Wednesday, June 14, 2006

Egyptian semiotics

Two passages from J. M. Roberts' The New Penguin History of the World that I enjoyed reading; firstly - on the lack of philosophical rigour in ancient Egypt;
Yet the creative quality of Egyptian civilization seems, in the end, strangely to miscarry. Colossal resources of labour are massed under the direction of men who, by the standards of any age, must have been outstanding civil servants, and the end is the creation of the greatest tombstones the world has ever seen. Craftsmanship of exquisite quality is employed, and its masterpieces are grave-goods. A highly literate élite, utilizing a complex and subtle language and a material of unsurpassed convenience, uses them copiously, but has no philosophical or religious idea comparable to those of Greek or Jew to give the world. It is difficult not to sense an ultimate sterility, a nothingness, at the heart of this glittering tour de force.
And secondly, on ancient Egyptian semiotics;
Another distinction lacking to ancient Egypt was the one most of us make automatically between the name and the thing. For the ancient Egyptian, the name was the thing; the real object we separate from its designation was identical with it. So might be other images. The Egyptians lived in symbolism as fishes do in water, taking it for granted, and we have to break through the assumptions of a profoundly unsymbolic culture to understand them.

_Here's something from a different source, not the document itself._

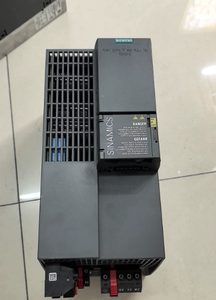 Variador de Frecuencia Variable (VFD) Trifásico 6SL3210 1KE23 8AF1 G120C 18.5kW/15kW con PROFINET, Filtro Integrado, Seguridad STO, 380/480V, Compacto - Product Image 3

Here is a nice followup to the previous passage, from Felipe Fernández-Armesto's Ideas That Changed The World;
What did the Egyptians mean when they said their king was a god? He could bear the name and exercise the functions of many gods, so there was no exact identity-overlap with any one of them. A possible aid to understanding is the habit of making images and erecting shrines as places of opportunity for the gods to make themselves manifest. The image "was" the god only when the god inhabited the image. The Pharaoh could provide a similar function.